Directions for this task >> Print the records below exactly, starting at the first line and stopping after the line that contains "Affiche Cartes et". Leave out any pictures.

== Dataset entries ==

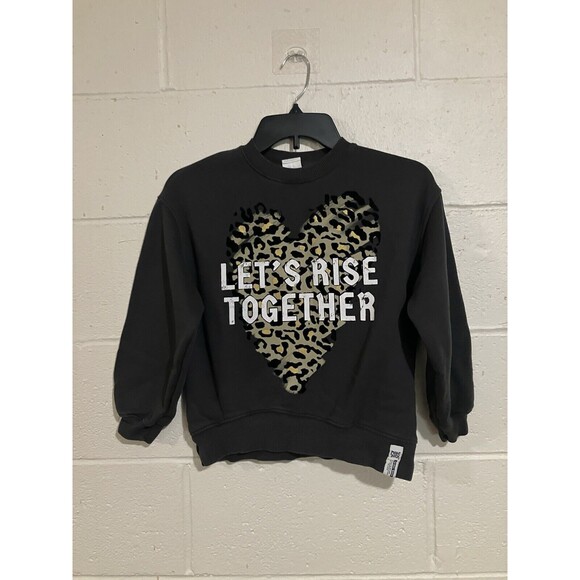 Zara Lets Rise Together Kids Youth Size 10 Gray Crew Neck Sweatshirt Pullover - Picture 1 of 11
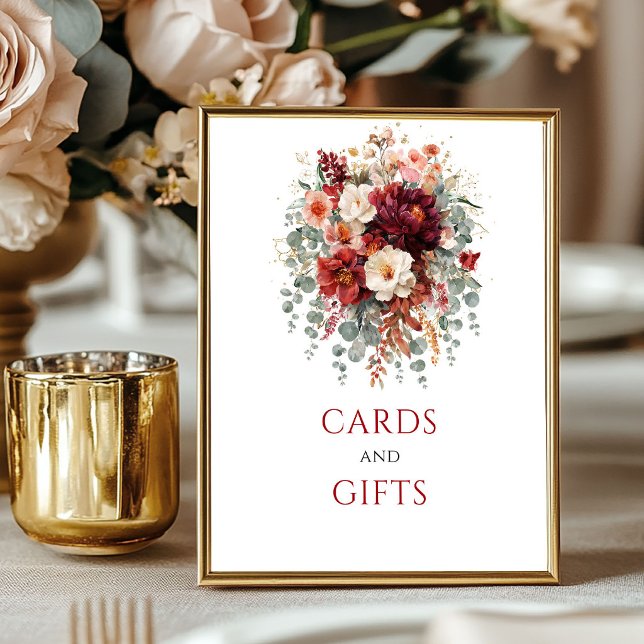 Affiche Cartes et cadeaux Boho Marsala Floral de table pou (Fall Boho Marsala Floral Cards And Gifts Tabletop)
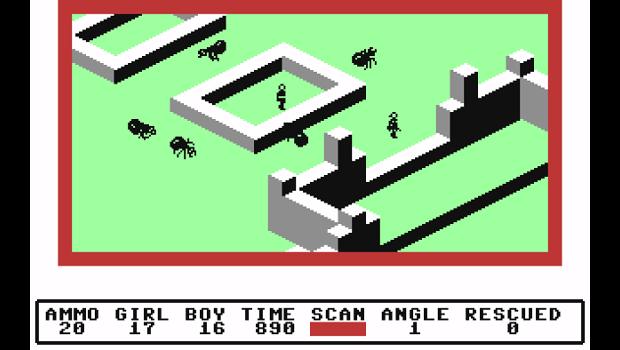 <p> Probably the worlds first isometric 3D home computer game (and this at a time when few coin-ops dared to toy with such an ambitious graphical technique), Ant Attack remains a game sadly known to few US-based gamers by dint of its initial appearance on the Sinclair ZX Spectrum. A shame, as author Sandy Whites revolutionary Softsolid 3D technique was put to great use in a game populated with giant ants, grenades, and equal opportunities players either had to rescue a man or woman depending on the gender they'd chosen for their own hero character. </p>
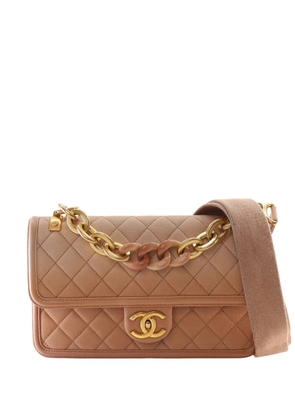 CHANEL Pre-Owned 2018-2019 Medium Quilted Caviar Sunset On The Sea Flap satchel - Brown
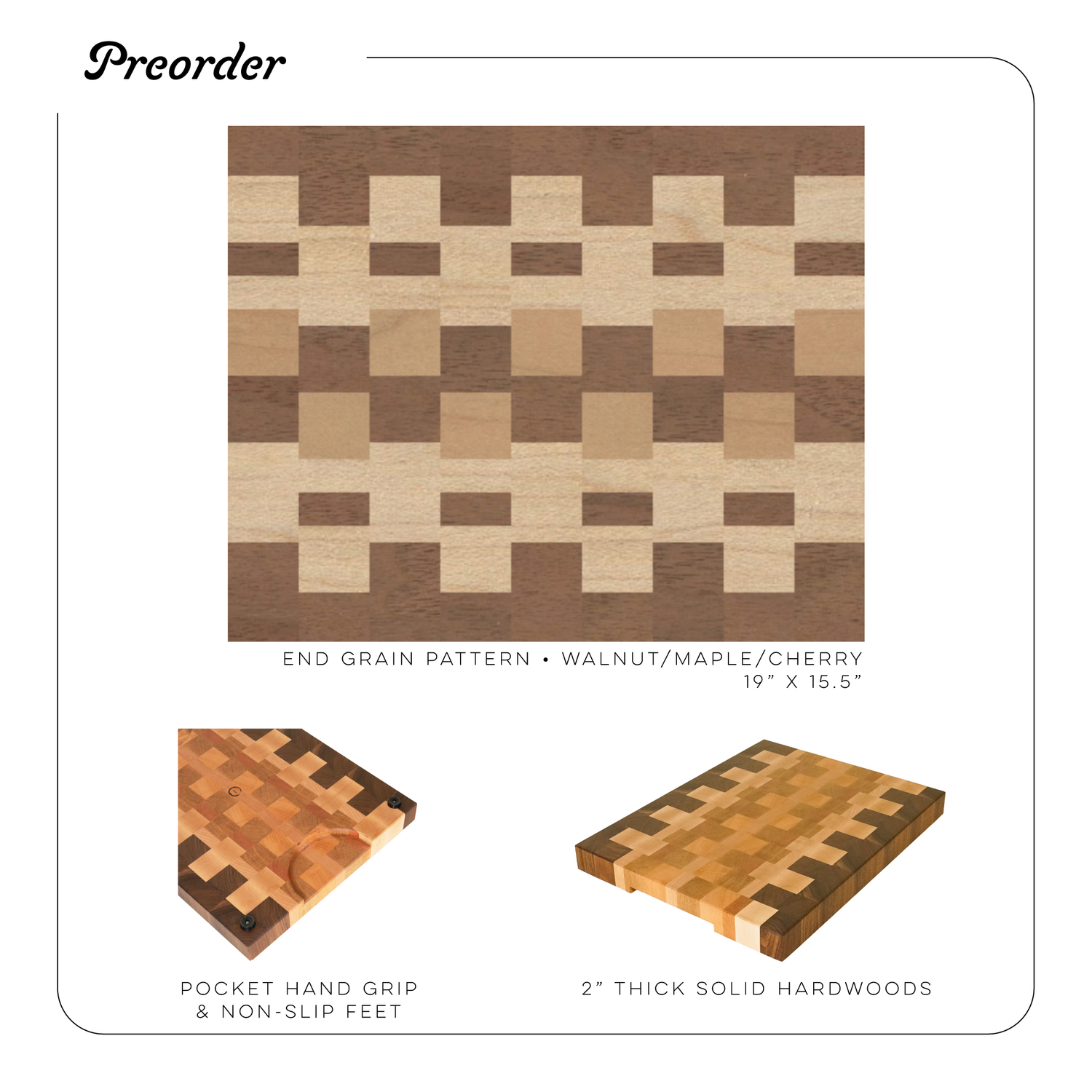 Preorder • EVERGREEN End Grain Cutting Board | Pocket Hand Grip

===

Answer box >>
 Zara Lets Rise Together Kids Youth Size 10 Gray Crew Neck Sweatshirt Pullover - Picture 1 of 11
 Affiche Cartes et cadeaux Boho Marsala Floral de table pou (Fall Boho Marsala Floral Cards And Gifts Tabletop)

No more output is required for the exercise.